Bobby Jindal's NY Times Article And Thoughts On Religious Liberty
by Larry Perrault on April 27, 2015 at 7:56 AM
In this New York Times article by Louisiana Governor Bobby Jindal, he's on the side of religious liberty, and already I hear mockers on the left saying he just supports discrimination. This is exactly the same as governors who blocked schoolhouse doors to blacks in the 60s and is only posturing for right-wing primary voters. Of course, declining to participate in a ceremony that you don't endorse is not discrimination against particular humans. And there are plenty of events that these screeching left-wingers would not want to endorse or participate in, in the operation of a small business of their own. Most of us conservatives wouldn't have the cold brass to ask a liberal atheist singer to for example, sing God Bless America at a pro-life banquet and then cry discrimination when they declined.
But I do think there are some thoughts that ought to be thrown into this discussion that I have not heard considered. The question of whether some events may not comport with one's religious convictions is actually too narrowly focused in considering commercial obligations. Not long ago, there were no commercial obligations other than not perpetrating fraud or injury. You don't want to make this commercial transaction? Literally, it's your business. You can determine how the market will reward your choices.
But first of all, "religion" is a word like very many, that popular usage has carried considerably afield from its etymological origins. And actually, what that is not perfectly certain, but there seem a couple of Latin possibilities. One refers to a process of adhering or binding to, presumably, a code of conduct.
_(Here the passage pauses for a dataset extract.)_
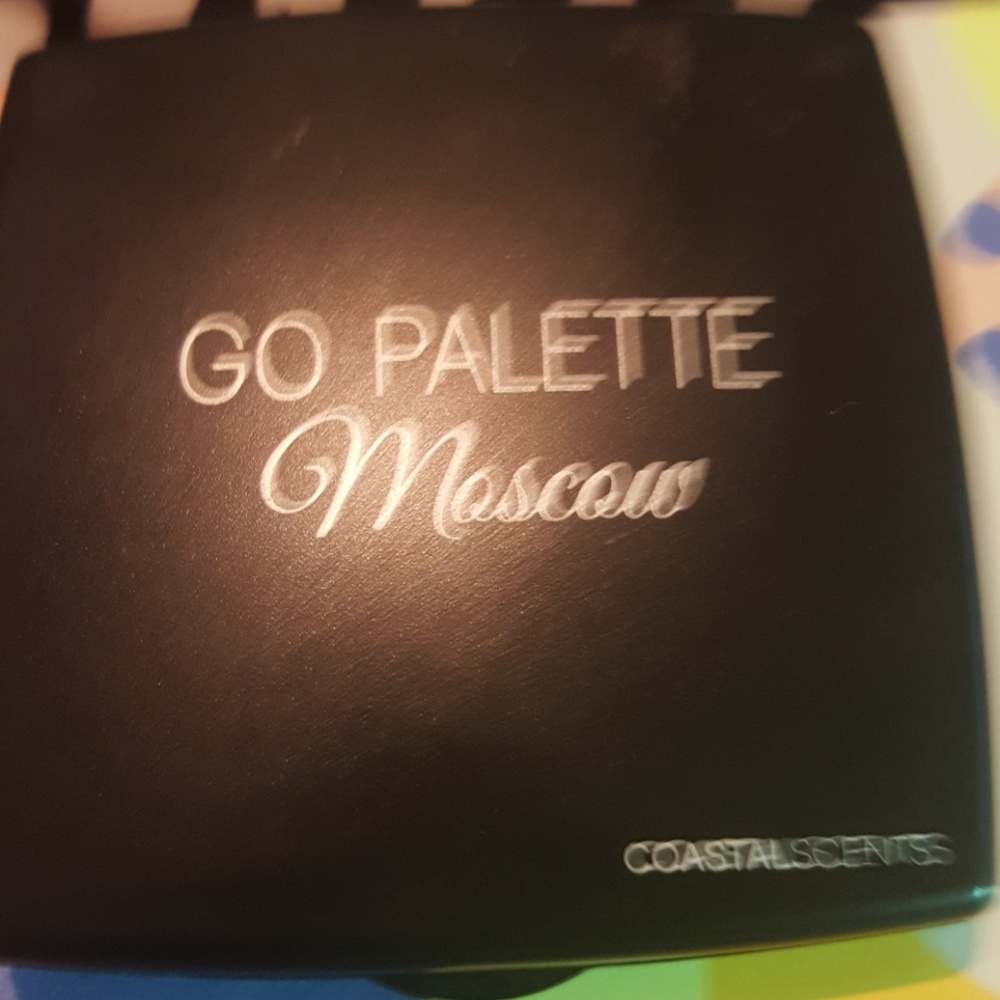 Moscow Go Palette, gently used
And similarly, another would refer to the law or code of a sovereign. Both are matters of a code of behavior. But note that neither refer to God, as the word "religion" is now popularly connoted, except as one may identify God as that sovereign in the second. But otherwise, everyone has a code of right behavior, in our culture perhaps most assertively liberals. But this would also simply refer to a moral philosophy.
In the place and time of America's founding, the constitutional reference to "freedom of 'religion'" was not to monotheistic belief systems like Christianity or Judaism, or to polytheistic systems or to non-theistic beliefs like Buddhism. The American founders referred to different Christian confessions and/or liturgies. The "freedom of religion" referred to the restriction of the federal government from imposing or preferring one denomination over another upon the American people. At the time in fact, many of the specific colonies, did have established religions. The very phrase "separation of church and state" is from a letter from Thomas Jefferson assuring the Danbury (CT) Baptist Association that there should be no federal assumption of a national established church. They had written to Jefferson concerned that The First Amendment freedom of religious practice did not necessarily make freedom of religion an unchangeable God granted inalienable right, but possibly only a government-granted favor that could be changed.
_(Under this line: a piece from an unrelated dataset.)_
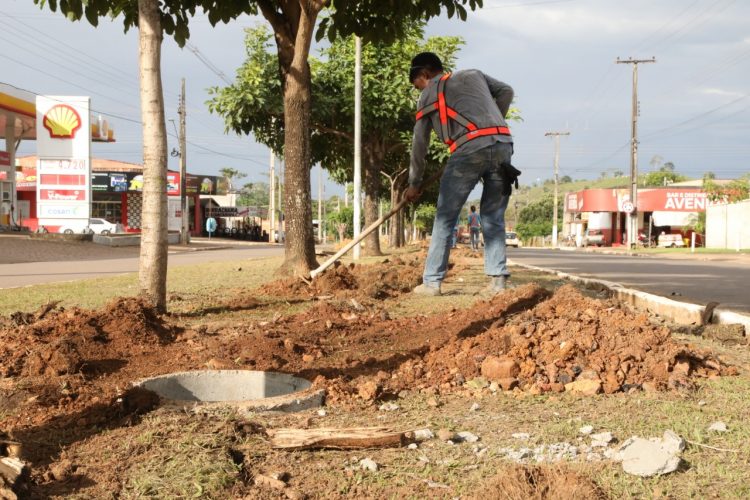 Com recurso próprio prefeitura de Jaru executa segunda etapa do projeto de iluminação de led na Avenida Dom I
Now, I don't think I speak only for myself when I say it is an ideal that ALL aspects of life are subordinated to my own Christian ideals, even though of course in my own failure and limited vision, they are not. Nevertheless, there are not aspects of life, broad or narrow, that are exempt from an expectation of comportment with my overall Christian belief. And by the mistaken contemporary idea that state action or advocacy ought to be divorced from what are thought my "religious" beliefs, I should therefore be forbidden to engage in such things.
That is obvious nonsense with respect to the intent of the framers of our founding documents. And the main point I wanted to make is that under the pressure of media and educational secularist and naturalist forces, it is nonsense that has come to frame our understanding of this and so many other matters. This sort of thinking was not in public currency at the time of the American founding. But given their complete divergence from and ignorance of my worldview and perceptual scheme, their scorn and mockery is entirely to be expected. Short of at least sober consideration of the internal rationality of other perspectives, what else can they do? But I have to ask, how realistic and practical is it for so divergent perspectives to productively cooperate in a constitutional democratic republic like our own?